**Task to complete:** The full listing, returned exactly and free of pictures, is the expected answer.

*** Task inputs Section Begins ***

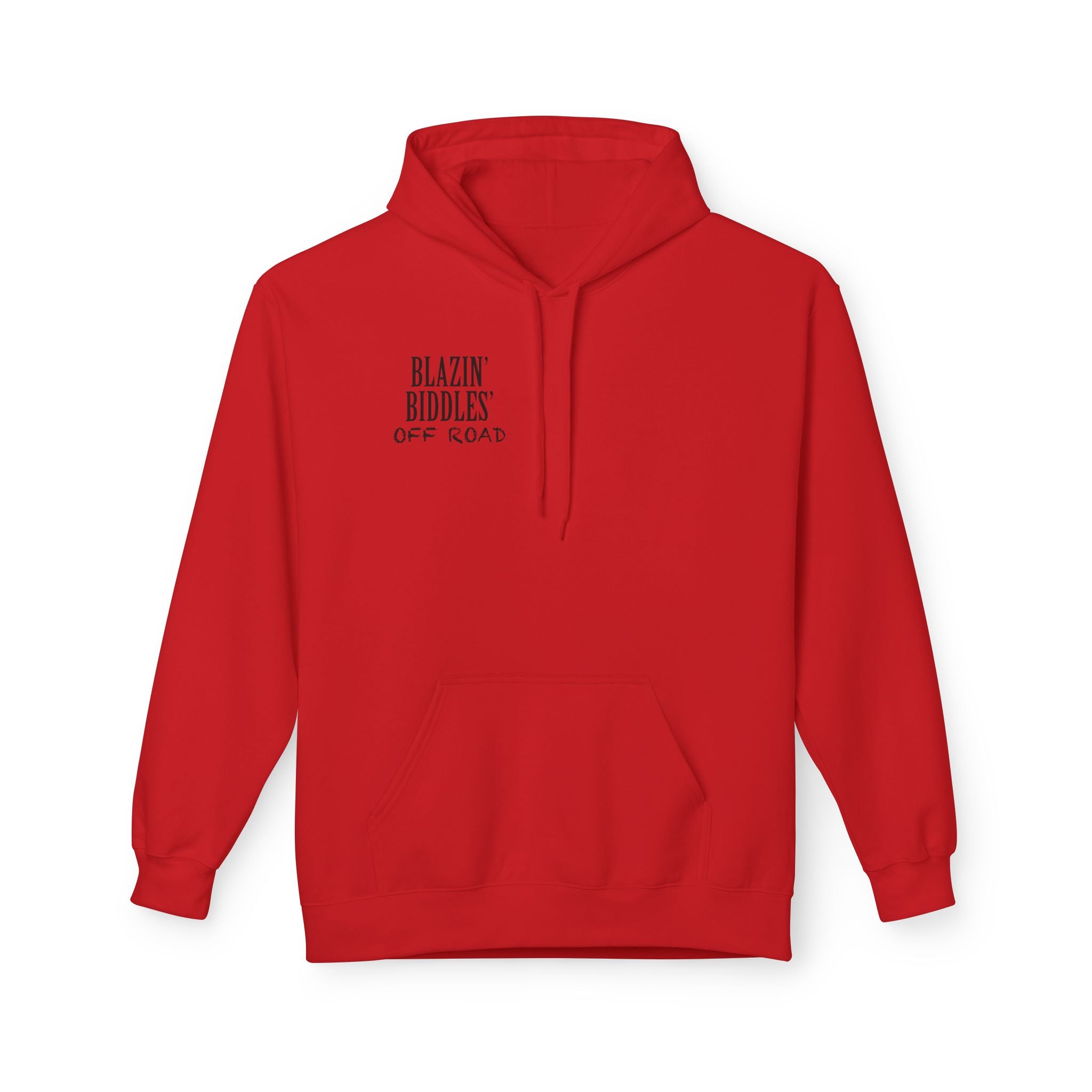 Blazin’ Biddles Off-Road Adventure Fleece Hoodie – Unisex Trail-Ready Warmth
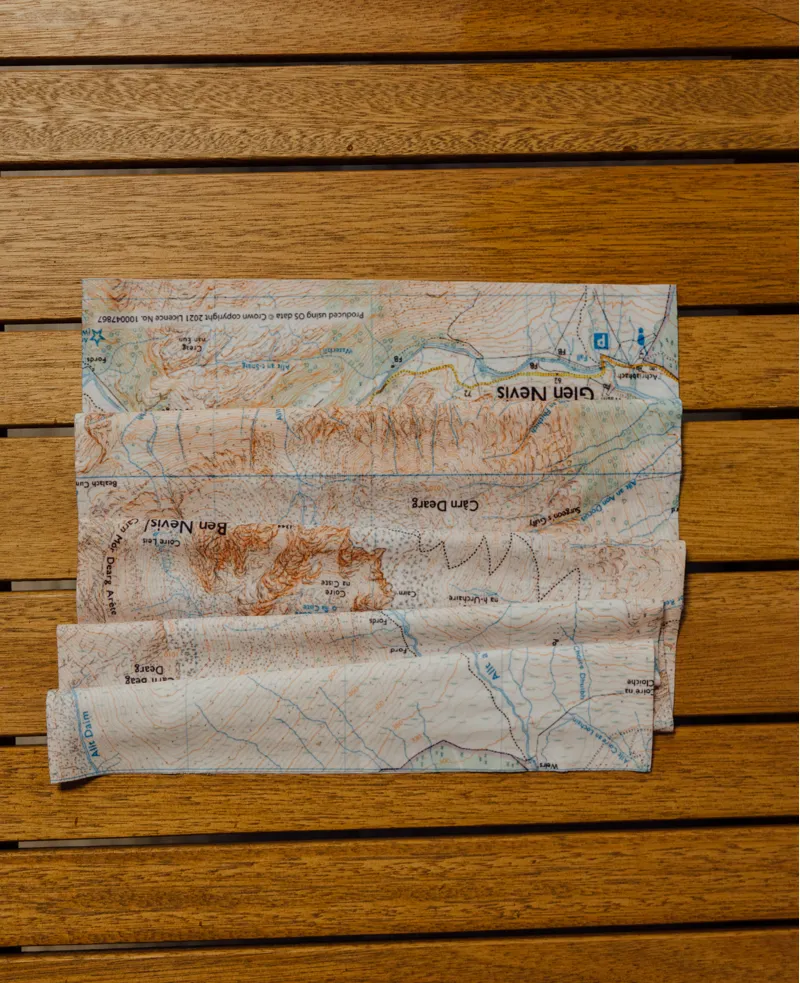Ben Nevis OS Map Snood / Buff-2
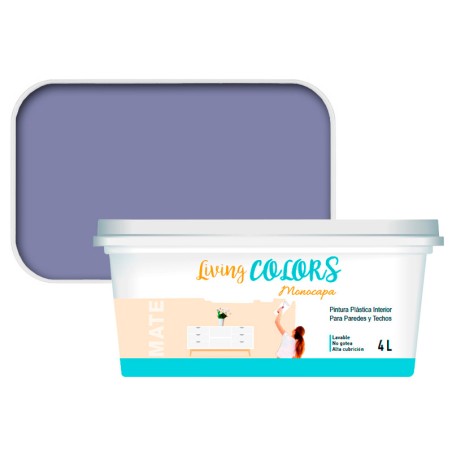 Pintura Living Colors Violeta Folk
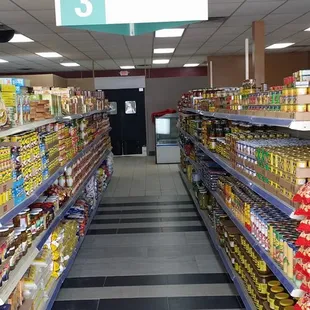 the aisle of the store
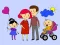 Cluiche Happy Family Coloring Book ar líne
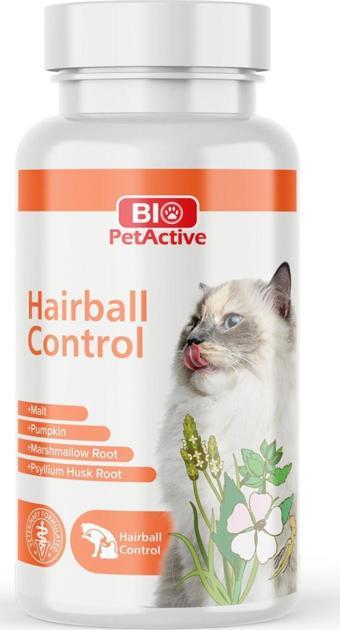 Bio PetActive Hairball Control - Kedilerde Tüy Yumağı Önleyici Tablet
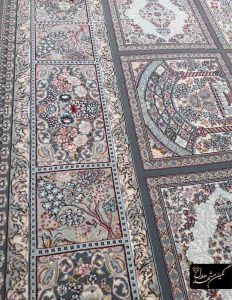 فرش طرح کجال زمینه دلفینی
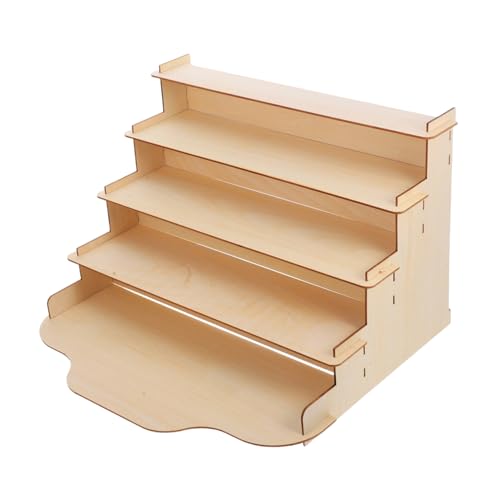 OSALADI Grußkartenständer holzaufsteller kartenhalter kartenaufbewahrung Kartenablage verkaufsdisplay Aufkleber-Organizer Postkartenanzeige Aufkleberhalter-Display Sperrholz aus Linde von OSALADI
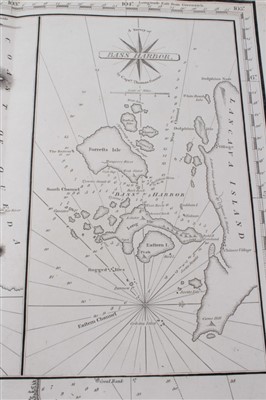 Lot 767 - John William Norie (1722-1843), engraved map - ‘A new chart of The Straits of Malacca and Singapore’, published 1820, 62cm x 92cm.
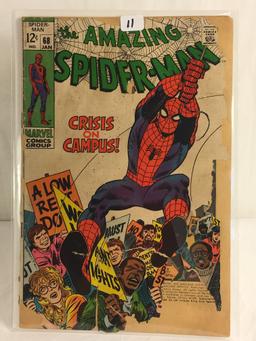 Vintage Marvel Comics Group The Amazing Spiderman Comic No. 68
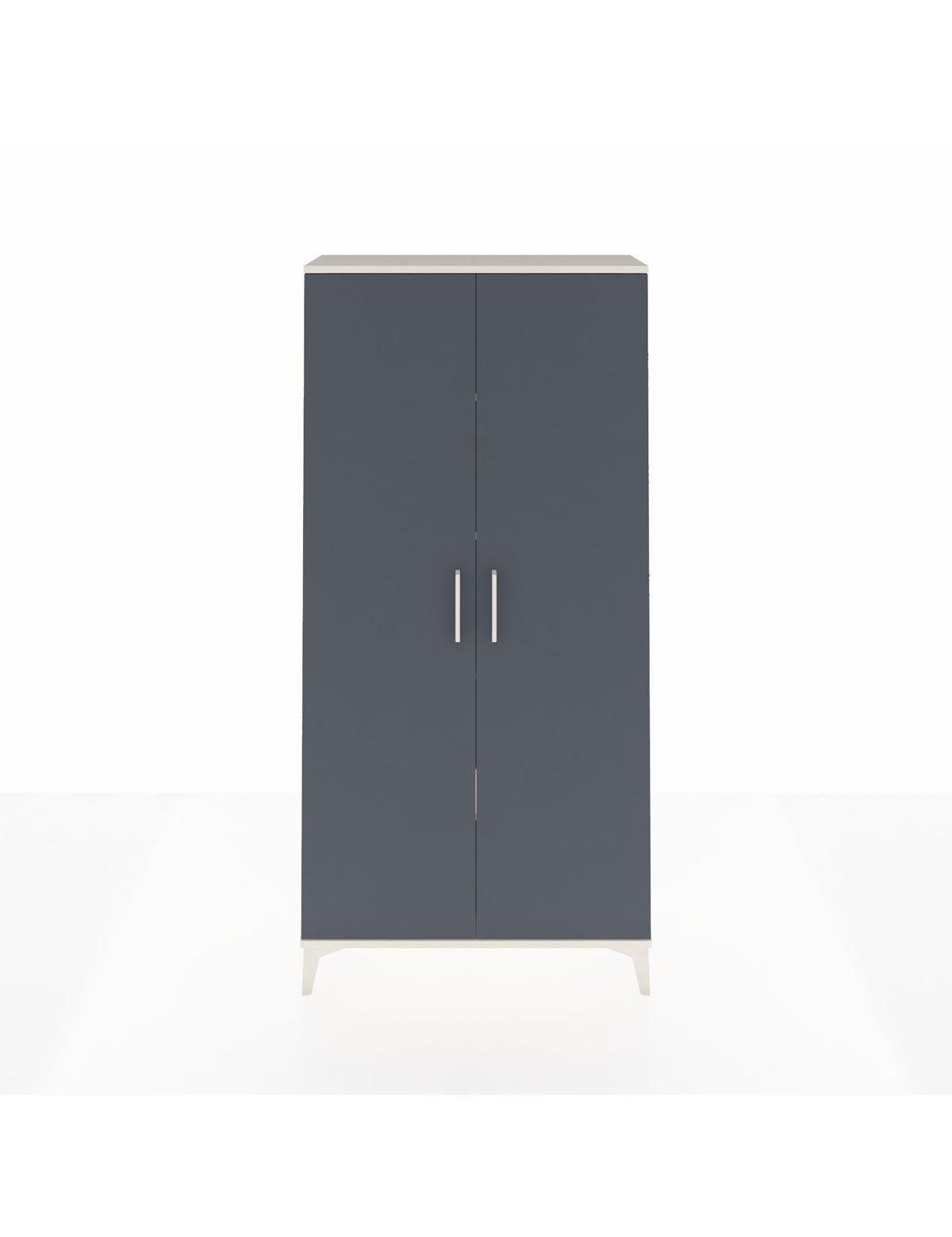 Arges Dolap 4 Raflı 2 Kapaklı 88x30x182 Aytaşı-Antrasit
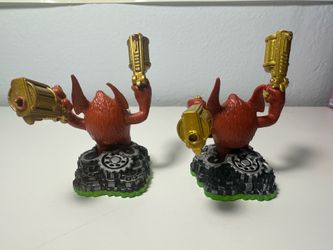 trigger happy skylander figure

*** Task inputs Section Ends ***

**Exercise answer:**
 Blazin’ Biddles Off-Road Adventure Fleece Hoodie – Unisex Trail-Ready Warmth
Ben Nevis OS Map Snood / Buff-2
 Pintura Living Colors Violeta Folk
 the aisle of the store
 Cluiche Happy Family Coloring Book ar líne
 Bio PetActive Hairball Control - Kedilerde Tüy Yumağı Önleyici Tablet
 فرش طرح کجال زمینه دلفینی
 OSALADI Grußkartenständer holzaufsteller kartenhalter kartenaufbewahrung Kartenablage verkaufsdisplay Aufkleber-Organizer Postkartenanzeige Aufkleberhalter-Display Sperrholz aus Linde von OSALADI
 Lot 767 - John William Norie (1722-1843), engraved map - ‘A new chart of The Straits of Malacca and Singapore’, published 1820, 62cm x 92cm.
 Vintage Marvel Comics Group The Amazing Spiderman Comic No. 68
 Arges Dolap 4 Raflı 2 Kapaklı 88x30x182 Aytaşı-Antrasit
 trigger happy skylander figure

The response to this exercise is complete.